JEN: You speak of celebrating life, Sean, but tell me: what's so alive about a synthetic tree? To me, the real trees get to fulfill their Christmas destiny. They are selected, chosen, and have the opportunity to participate in the celebration and festivities. They bring such joy to me, their intoxicating scent equating the whole feeling of Christmas. A fake tree sits there, not dead (for to be dead, a thing must have once been alive) but just false. Its own name implies as such. Fake. An unfeeling replica, standing as a bittery mockery and never attaining the life a real tree has.
SEAN: I am so glad that you mentioned the "signature" pine scent, which I too have enjoyed (in the forest where it belongs). What of the unspoken thousands who are annually oppressed by the stench of rotting holiday pines? Yes the crowds of sufferers from PINESAP ALLERGIES and dreaded Hypersensitive Olfactory Syndrome. What of them? Why must those with HOS be kept from having a Merry Christmas?

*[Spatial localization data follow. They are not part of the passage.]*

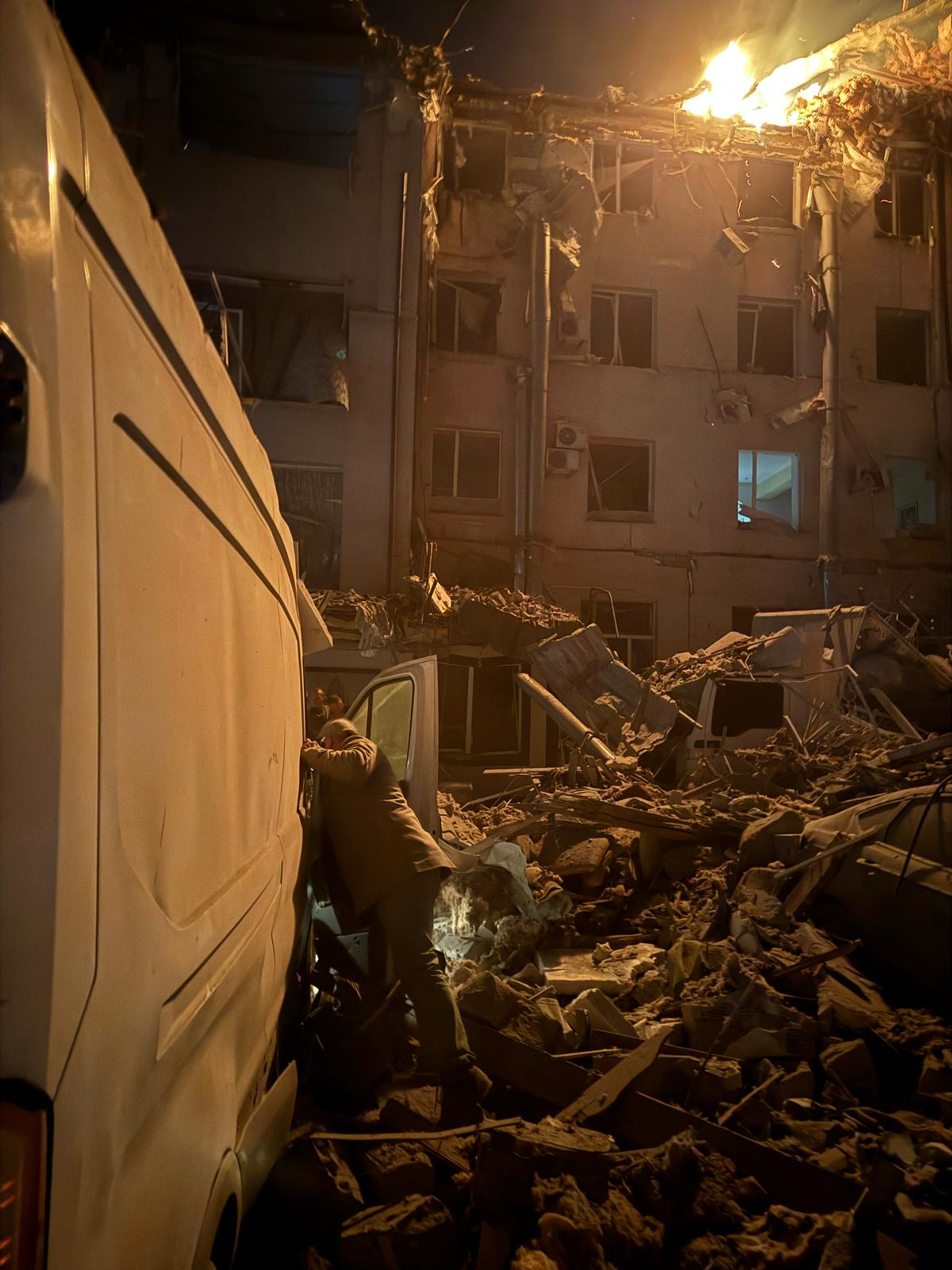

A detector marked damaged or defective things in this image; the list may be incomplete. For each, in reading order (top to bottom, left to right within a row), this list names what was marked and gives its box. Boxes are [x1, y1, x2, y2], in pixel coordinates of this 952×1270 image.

broken window [451, 123, 510, 194]
broken window [597, 140, 654, 213]
broken window [736, 159, 797, 221]
broken window [878, 153, 929, 240]
broken window [186, 275, 347, 403]
broken window [436, 278, 502, 356]
broken window [589, 289, 654, 365]
damaged building [419, 2, 952, 665]
broken window [736, 299, 797, 373]
broken window [878, 308, 934, 386]
broken window [270, 464, 340, 587]
broken window [434, 432, 502, 500]
broken window [589, 437, 654, 515]
broken window [741, 449, 802, 528]
broken window [889, 454, 939, 528]
broken window [589, 597, 654, 670]
broken window [439, 655, 523, 752]
broken window [711, 680, 787, 741]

JEN: I feel for them, I do. Just as I feel for those who are unable to enjoy the other wonderful things of life. Which is why it is all the more reason (and more important) to have a real tree (if you don't suffer from "HOS") Do it for them. Appreciate what others cannot, and be humbled that you get to.
SEAN: A noble thought. I appreciate that you have brought up the moral imperative of the greater good. may I remind you, as Mr. Gore so often has, that every living tree is important. Needed for the carbon it removes from the atmosphere and oxygen it liberates. Is a sentimental holiday odor really worth the damage you're doing to the planet's ability to postpone the impending melting of our icecaps? And the threat that a beloved winter wonderland will soon only be a memory?
JEN: Are you really using Al Gore as the basis for your argument? No, I refuse to go political and to be truthful, I've not informed myself on current events as well as I should. But if you want to speak environmentally, you know they chop up Christmas trees and do good things with them. Turn it into mulch, make the world pretty, etc. And, I read somewhere that fake trees are actually worse for the environment, made of synthetic materials and other earth-unfriendly substances. Plus, having a fake one is just so boring. They're too "perfect," so utterly personality-less. I know this has nothing to do with the environment. I just wanted to move on. But, why have an earth if you're just going to be boring with it?
SEAN: Hey, if ritualistic killing brings meaning to your life, so be it. As for me, the sterility of polyester, polycarbonate and polyvinyl might be just the thing to salve my soul.
JEN: You'll never be able to truly heal the wound, the void in your heart that only a real Christmas tree can fill, Sean.
And that's where we got too tired to finish. So? Who won? What is your opinion? Let the debate continue!